Work to be completed »
Transcribe only what runs from the line containing "61374 Dean Drive, South" through the final line below, exactly, and leave every picture out.

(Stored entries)
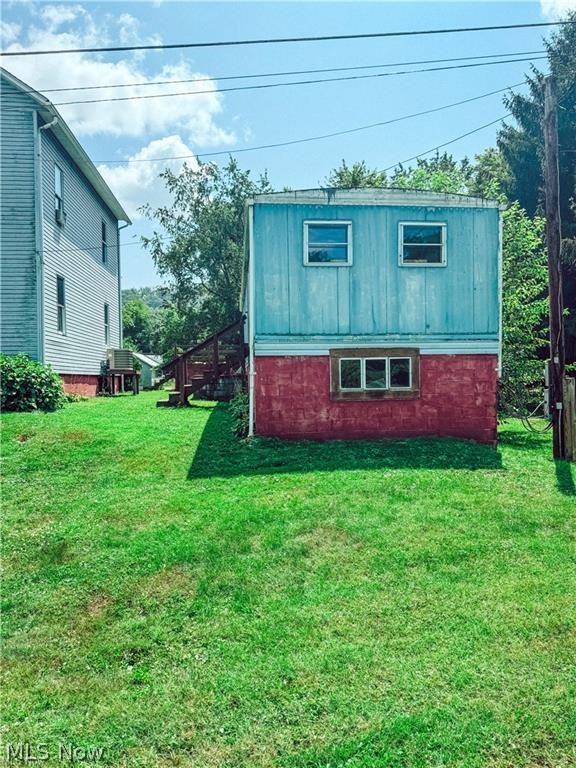122 3rd Street Property Photo 7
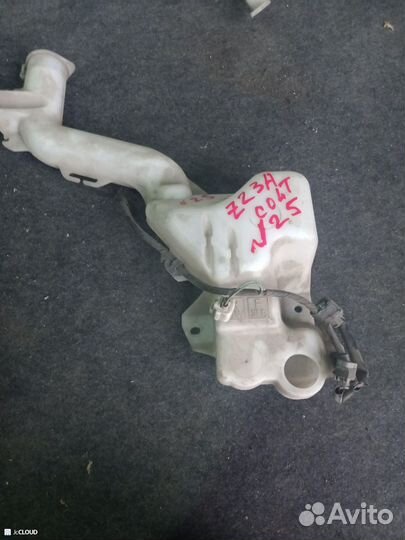 Бачок омывателя на mitsubishi colt Z23A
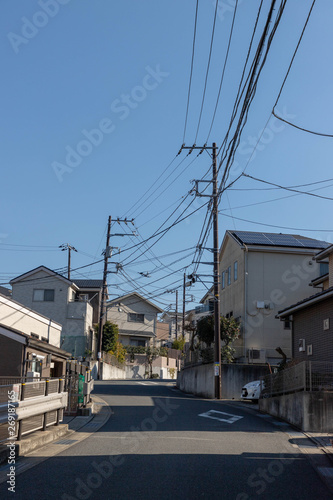 神奈川県 横須賀の海と住宅地 © moronobu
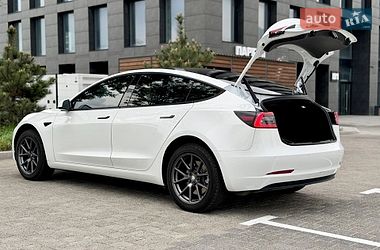 Седан Tesla Model 3 2021 в Киеве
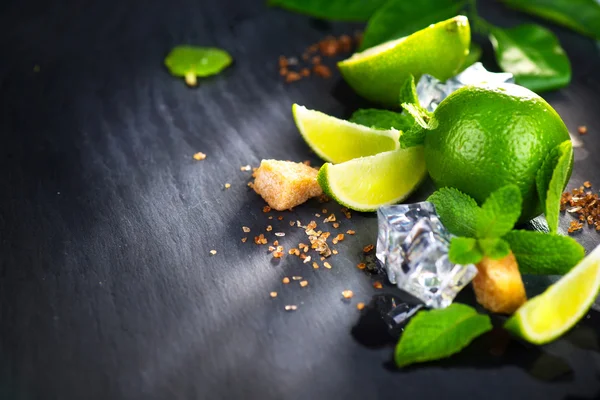 Ingredientes de Mojito e açúcar mascavo — Fotografia de Stock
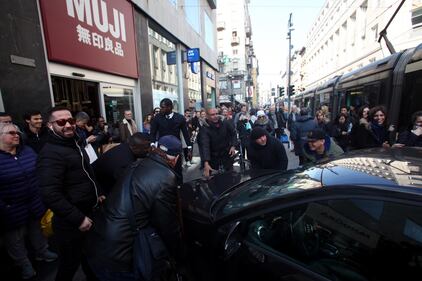 Auto blocca tram, la gente la sposta con forza 13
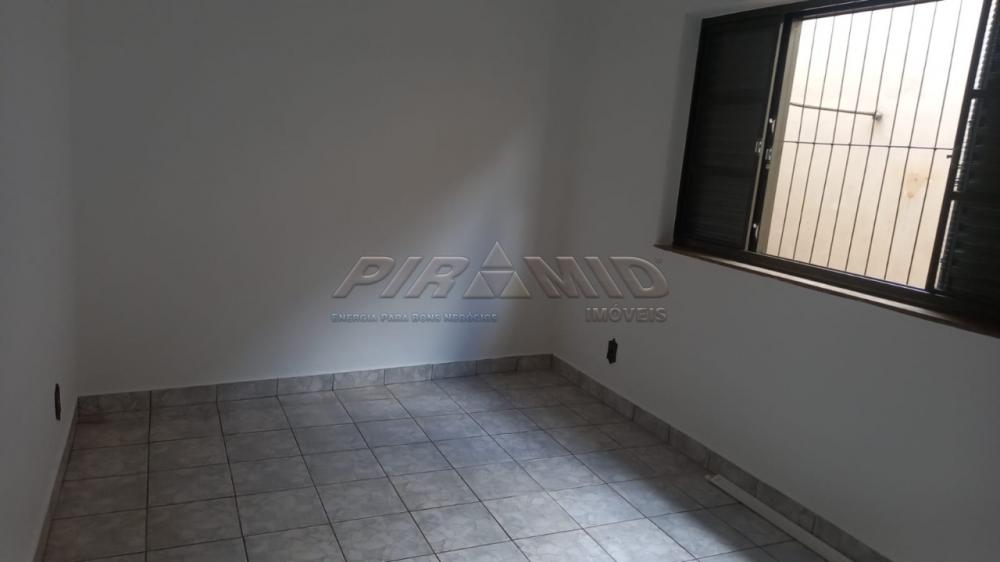 Alugar Casa / Padr&atilde;o em Ribeir&atilde;o Preto R$ 1.800,00 - Foto 3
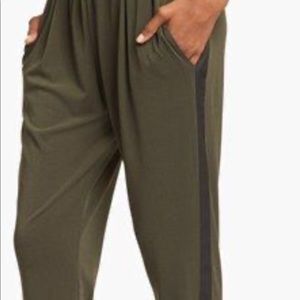 WAYF Green Crepe Track Pants size M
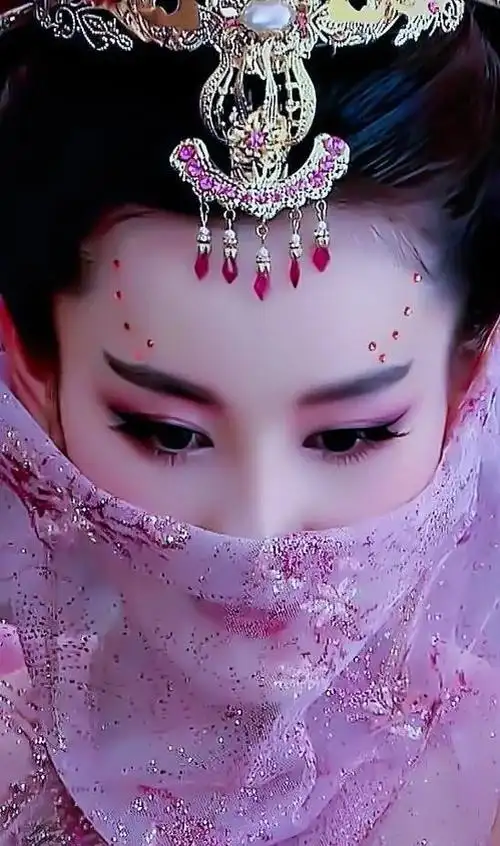 "妲己"扮演者,前几位都是靠化妆,只有她"媚"到骨子里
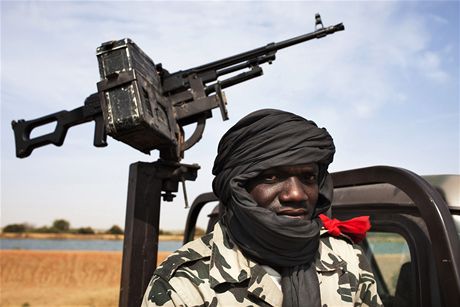 Maliský voják. Armáda postupuje na radikály ovládaný sever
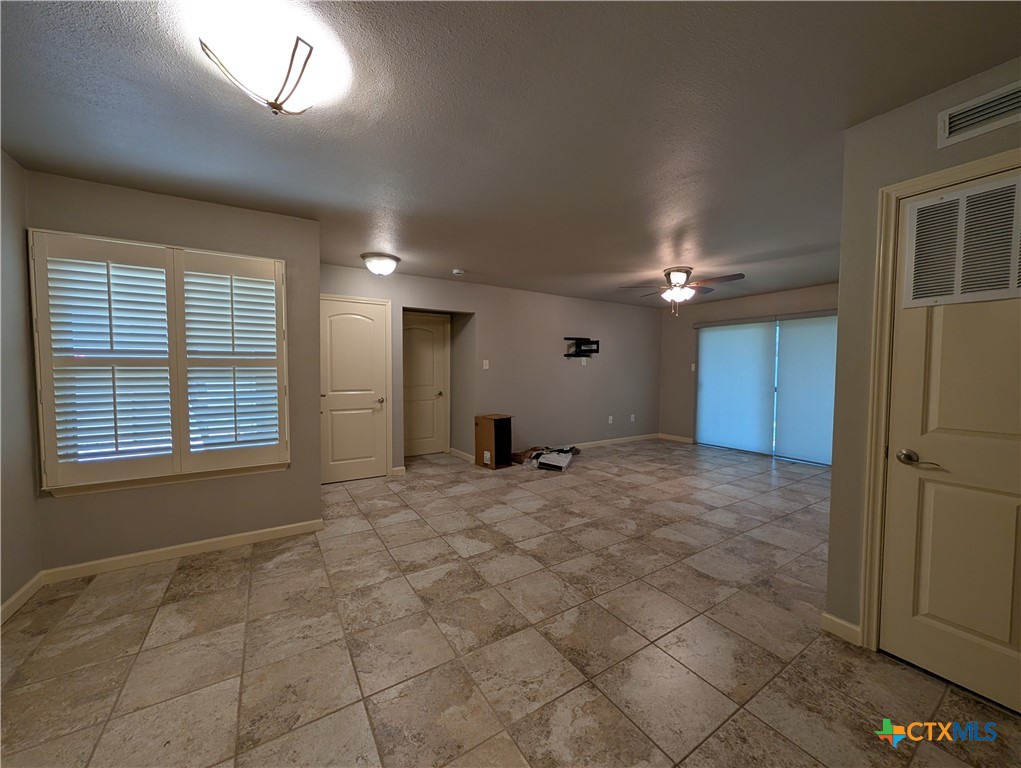 551 Terminal Loop Road D5 Property Photo 8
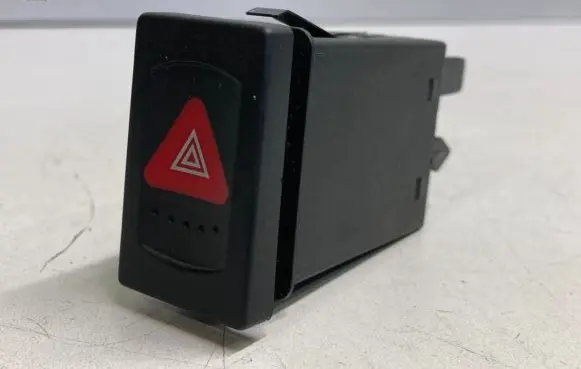 Volkswagen PASSAT B5.5 Hazard light switch 3B0953235E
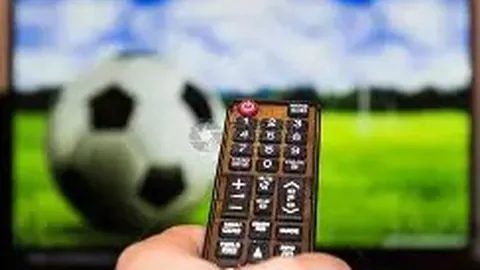 “皇马瞄准19岁新星，5000万镑解约金锁定中卫首选引援目标”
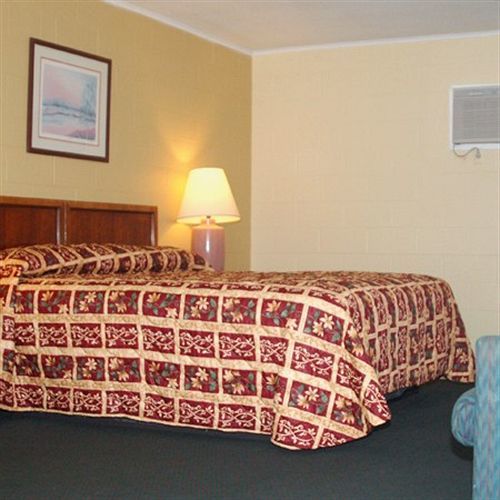 Royal Inn And Suites Hemet Quarto foto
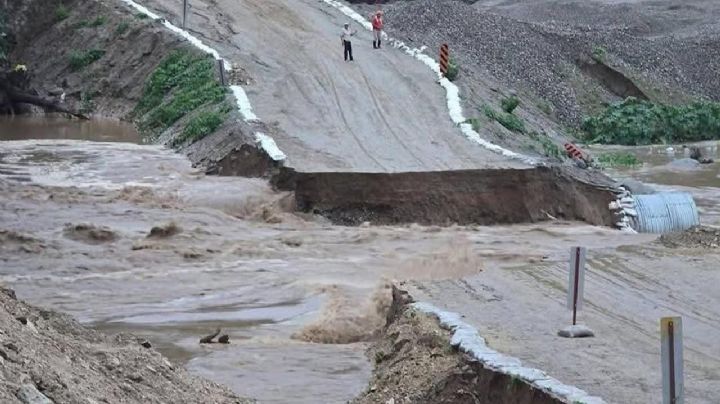 Colapsa puente en Guerrero por la tormenta Dalila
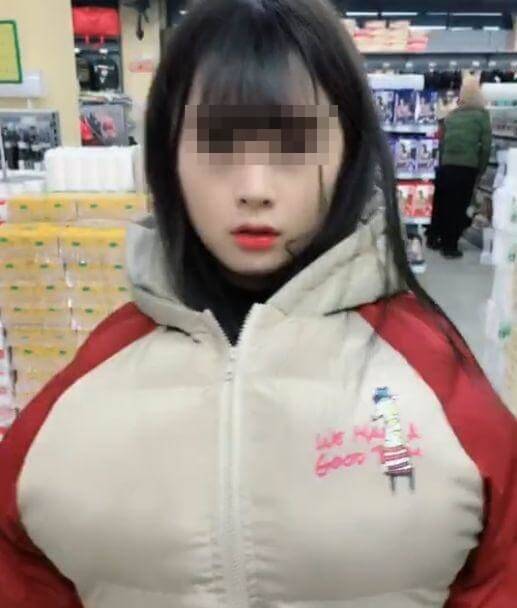 【我脫下讓你檢查！】「巨～乳」少女逛超市被當小偷，打開拉鏈『2粒大波波』蹦出來！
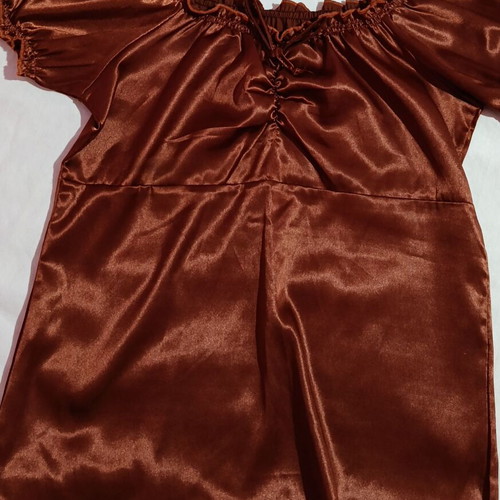 Satin Off-Shoulder Blouse Chaton like new, brown, size S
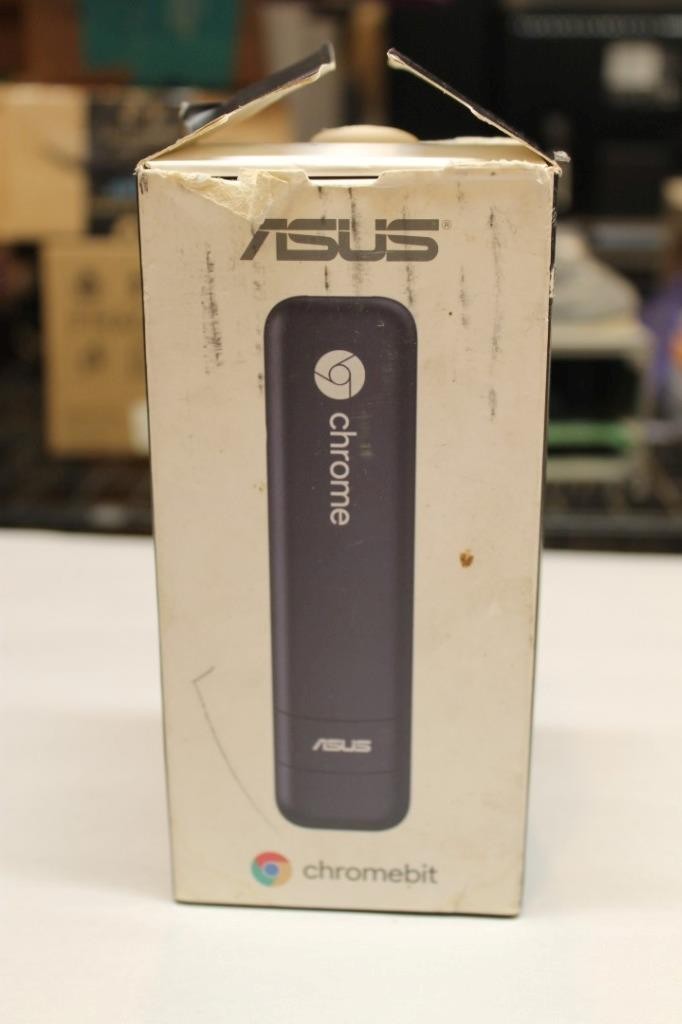 ASUS Chromebit CS10 PC Stick Intel RockChip 3288-C 2 GB LPDDR3L 16 GB EMMC NEW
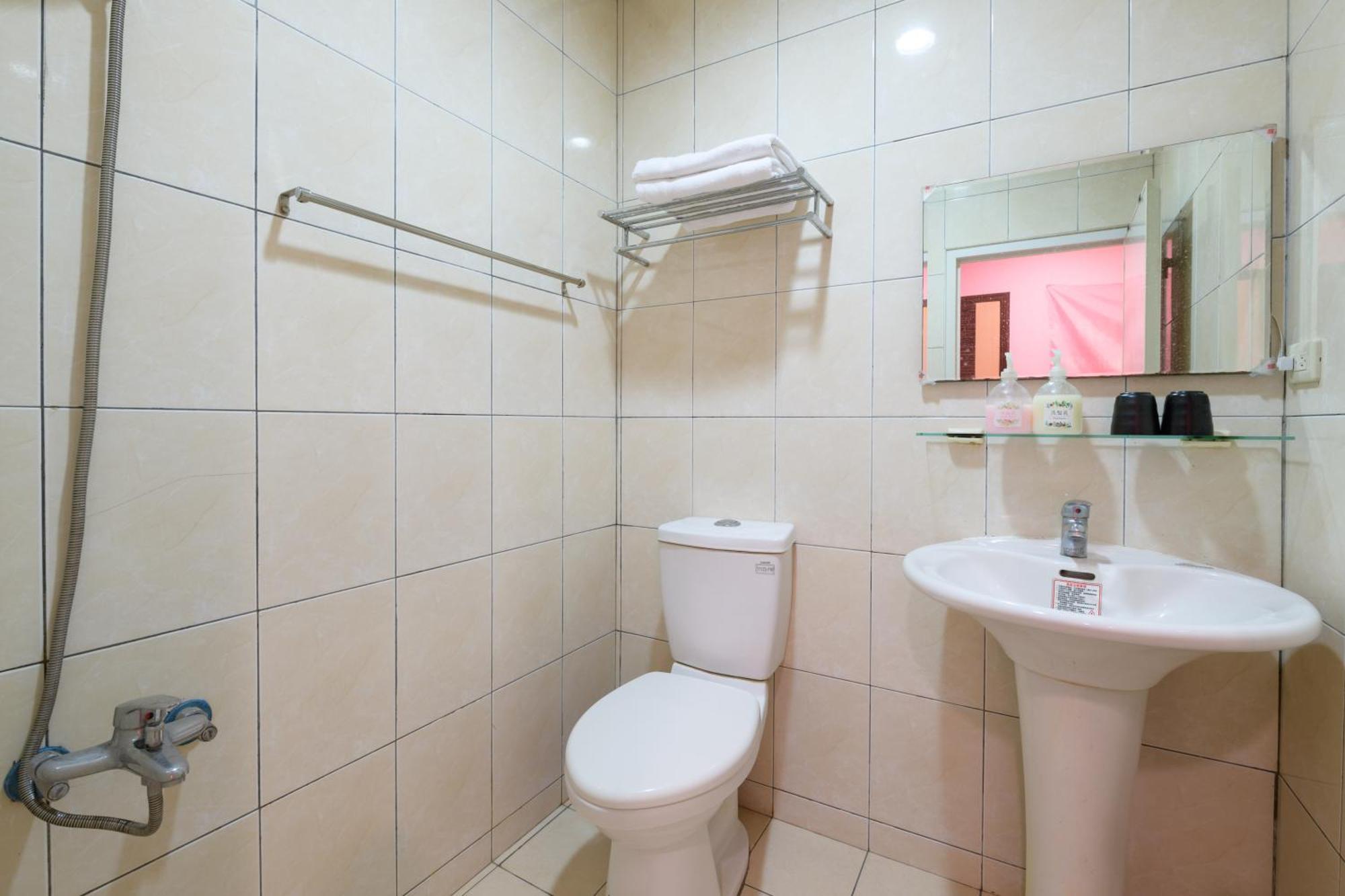 羅東夜市 小宅一生民宿 Night Market Small House Lifetime Hotel Luodong Kamer foto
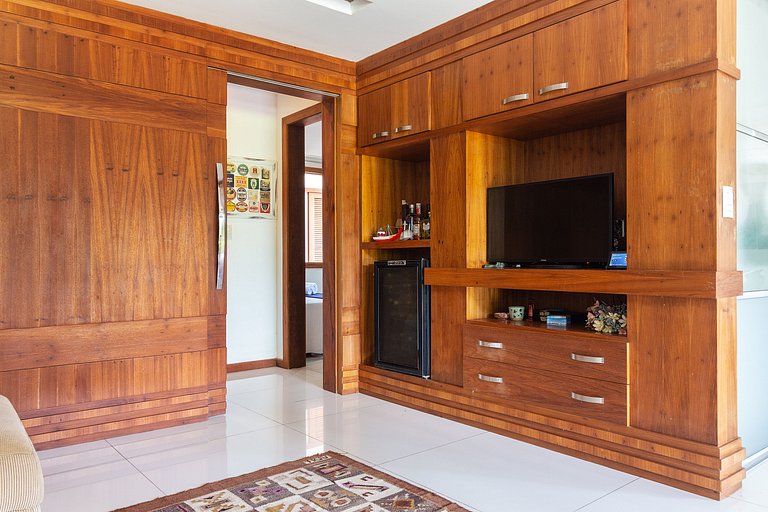 BZ62 Center! Large house, 5 suites and gourmet area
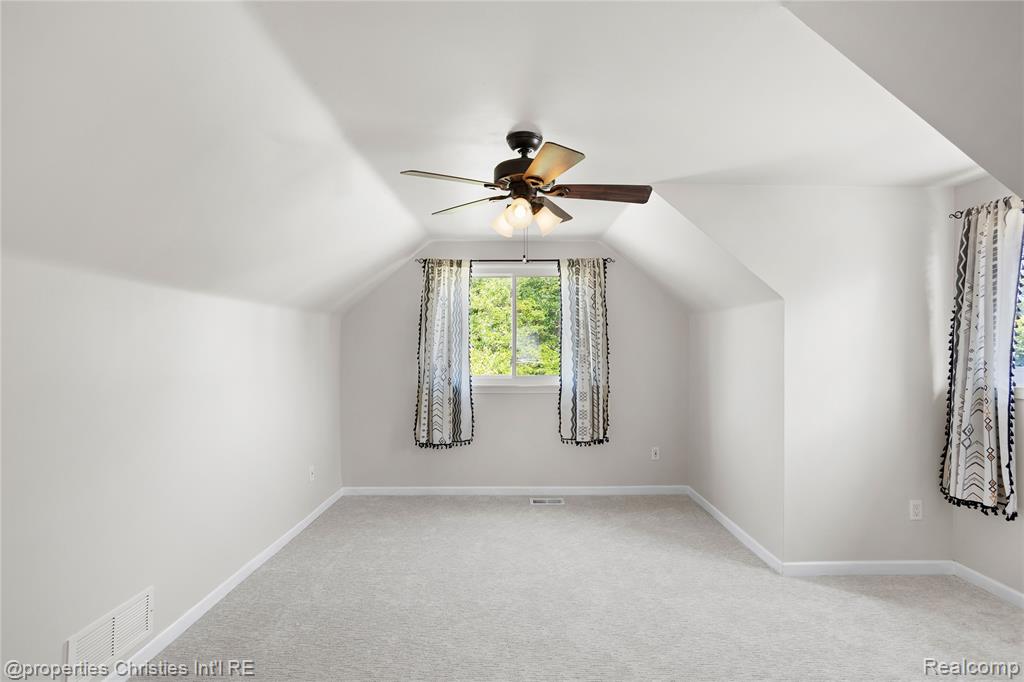 61374 Dean Drive, South Lyon, MI 48178 — Photo 26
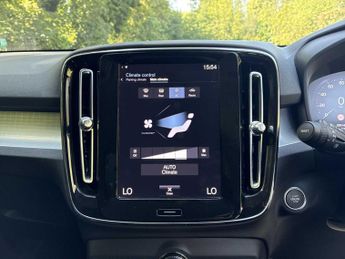 VOLVO XC40 1.5 T3 [163] Momentum 5Dr Geartronic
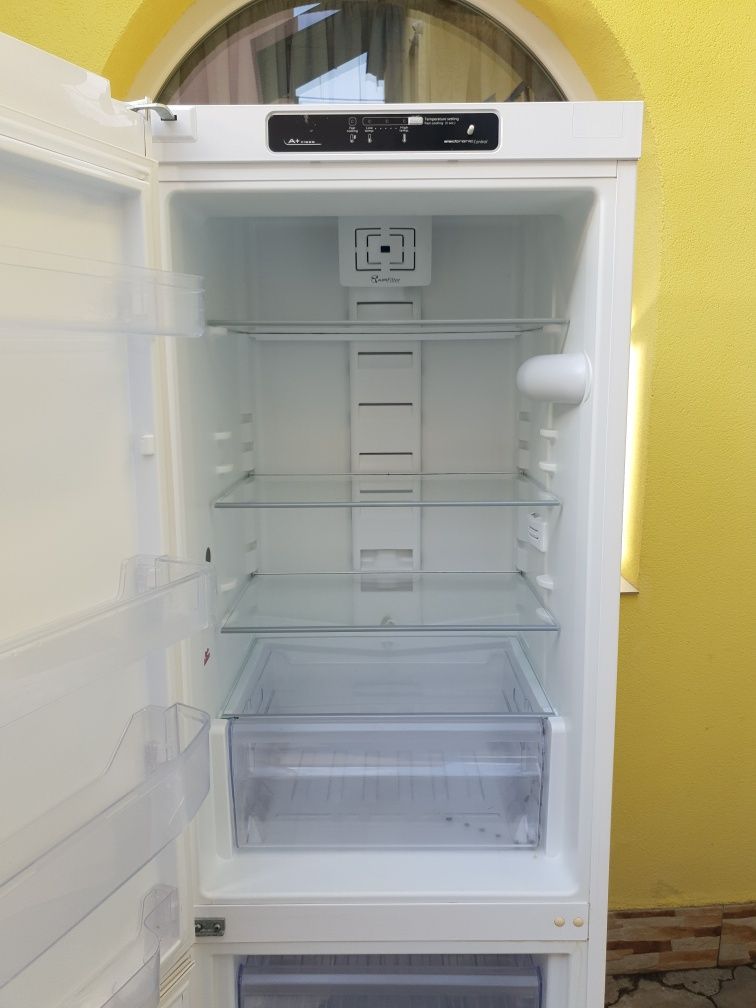 Свіжий!! Холодильник Whirpool_No-Frost_352Л_ 2018р Німеччина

Answer box »
 61374 Dean Drive, South Lyon, MI 48178 — Photo 26
 VOLVO XC40 1.5 T3 [163] Momentum 5Dr Geartronic
 Свіжий!! Холодильник Whirpool_No-Frost_352Л_ 2018р Німеччина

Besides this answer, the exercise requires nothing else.